On guns and gun control, post Las Vegas, Stephenson wasn’t quite as candid as Iger, and on the role of CEO Stephenson said: “I don’t have an affinity of the moralizing CEOs, and I’m not sure all CEOs have the moral ground. Do I need to come out and speak on every social issue that comes along? Well, we have really large employee bases, so that the extent that it impacts my employees, I do have an obligation to.”

Iger made the most news at his session on Tuesday, wading into what are generally uncharted waters for the longtime Disney chief: Politics.
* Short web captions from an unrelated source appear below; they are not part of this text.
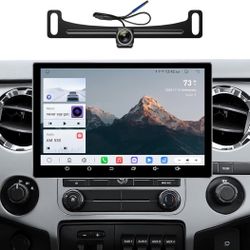 New 丨 11.5" Touchscreen Car Stereo w/ Wireless CarPlay fit Ford F-150 2004-08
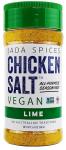 JADA (Chicken without any Chicken) Salt Spice and Seasoning Lime Flavor- 2.7oz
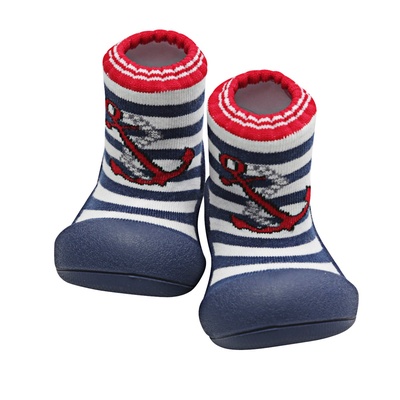 Attipas Marine Barefoot İlk Adım Ayakkabısı (Kırmızı) AM01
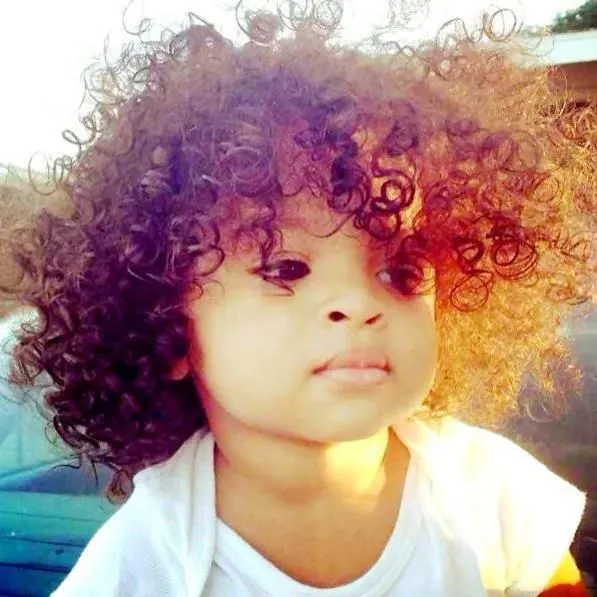 curly cutie | Babies | Pinterest | Bebés, Pelo y Rizos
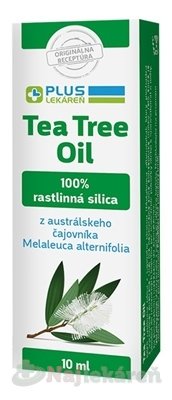 Medpharma Tea Tree Oil 10 ml Plus lekáreň www.bohre.sk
About 70 Disney employees were in Las Vegas during Sunday night’s massacre, with many of them attending the country music concert that the murderer targeted. One Disney employee was killed and many were injured. The U.S. needs to face its problem with gun violence, he said, citing the long list of shootings.

“Where is the outrage here? This is a huge crisis for our country. We should demand a dialogue about this from our politicians,” said Iger.

The Disney chief, who plans on retiring from the company in 2019, was also asked about ESPN. The network has come under fire recently for being excessively political, say conservative sports fans.